2.31
Why question wind, why not water, fire, and earth too? The elements — those ‘things’ that make up all other things.
Raising this question allows us to sense how our questions, historico-culturally, tend to point towards what things have in common as their foundation (the smallest units), and how we’ve tried to narrow this down to one single, unchanging thing: a constancy meant to explain and underpin diversity; stability meant to explain and underpin change. It’s apparent that ‘elements,’ which reflect a set of metaphysical commitments, are central to our way of thinking and being.
Let’s observe the ‘elements’ again. Let’s imagine what it was like for the Presocratics, for example, to think about the elements, before we piled all our understanding onto them. — ‘But what’s the point of this activity?’ — The phenomena may shine through and reveal other facets of themselves.
When we spend time with a friend, new aspects are revealed. We’re surprised. — We can’t help but be.
Notice, though, that wind, water, fire, earth, too are concepts. We needn’t think of these as the discrete entities that we do. We needn’t feel as though an instance of fire is a mere particularization or instantiation of a universal, and ‘fire,’ as atomic definitional essence, explains and underpins it.

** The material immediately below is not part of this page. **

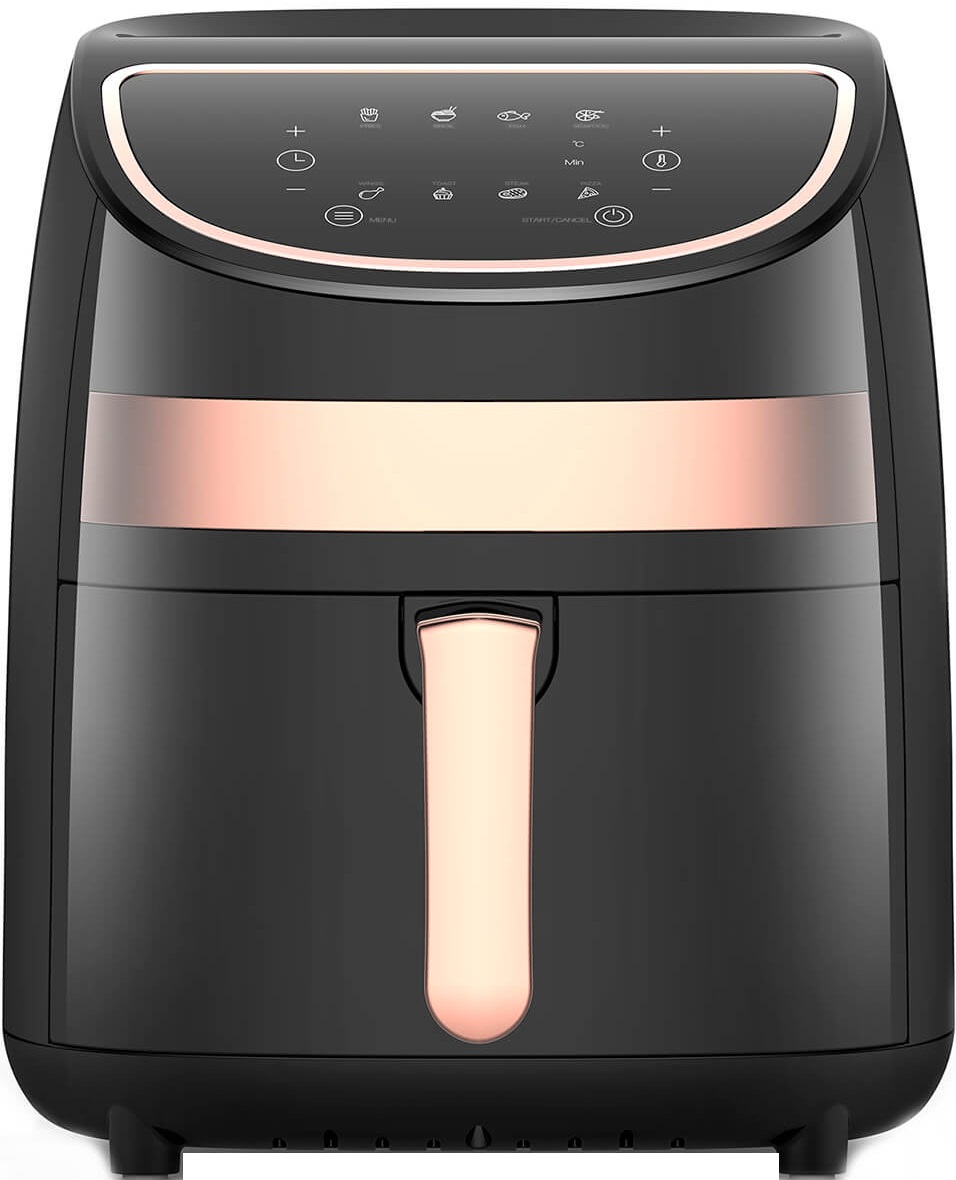 Мультипечь DEERMA Air Fryer KZ100 (DEM-KZ100) в Киеве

‘But I don’t understand what you’re hoping we’ll get out of this. Sure, I can go look at a pool of water, or a dirt path, but what am I trying to do?’
Ontological attention is a way of opening to a thing.[1] Opening to a thing is opening to being surprised by it. If we know how things are, then things appear regular and regulated and we notice nothing else, except deviation. The deviation/norm pairing, the subsumption of particulars to generalities or universals, and the lawfulness of nature have informed how nature appears to us.
My call is for a different approach. One part of the method might be imagination (§2.6): imagination can reveal how things touch the world. For example, one could ask how the wind could be otherwise understood: without already knowing what wind is, let it tell you how it is. Observational imagination can be a receptivity to phenomena.
[1] Zwicky, W&M, LH52, LH55, LH 57–8, LH100.